Chapter 2, Introduction to DTD Development introduces how you can develop DTDs that help your project meet its goals for document creation, management, and utilization.



[1] In the case of DTDs that describe rules for the analysis of existing documents, what the text “means” might very well be connected to how it looks. For example, if you want to analyze a set of archived newspaper stories, it may be important to know that a story about a certain politician was “above the fold” on page 1 rather than buried deep in Section 2 somewhere. And in the case of DTDs such as the Hypertext Markup Language (HTML), much of the focus is on dictating appearance or browser behavior, while still taking advantage of some of the other benefits of SGML.

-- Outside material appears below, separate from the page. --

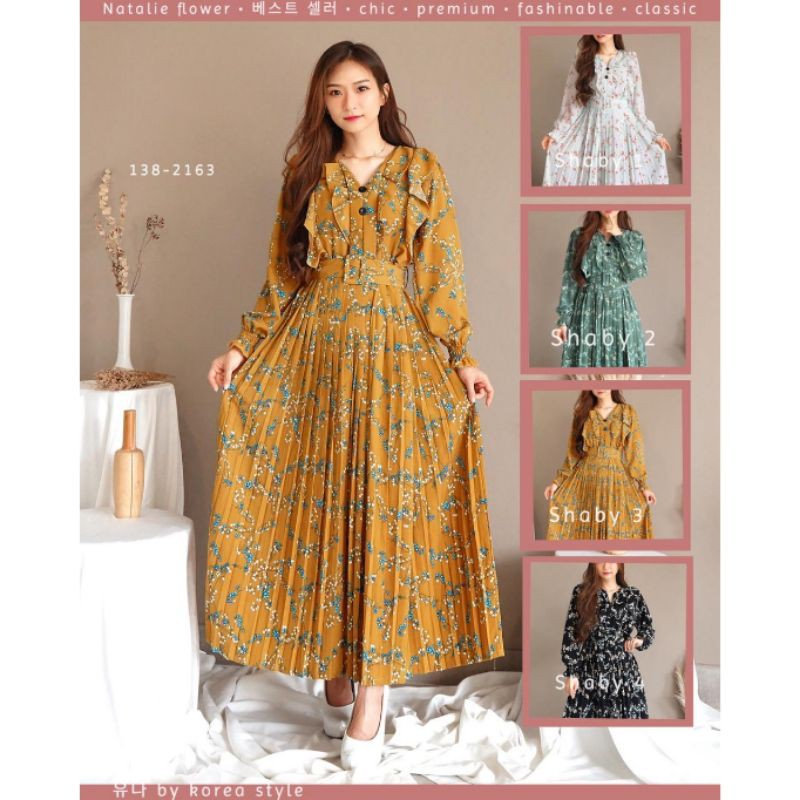 salira maxi, gamis bangkok import, dress yuna prisket, dress plisket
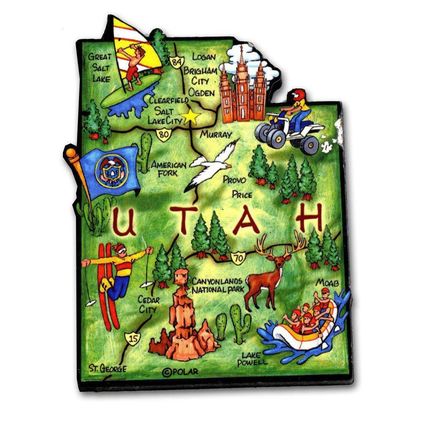 Utah the Beehive State Artwood Jumbo Fridge Magnet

[2] From this point on, we generally stick to the standard SGML terminology for document content and strings of characters. Data refers to strings of characters, whereas text refers to any combination of characters and markup that makes up the document content. When we use the word “text” in referring colloquially to the prose-based material that makes up the bulk of the passages in a document, we put it in quotation marks.

[3] It is possible (though not usually advisable) to create and use SGML documents in a way that never requires a DTD to be used by any software. However, a DTD is still advantageous in these cases as a specification that helps humans understand and apply the markup correctly.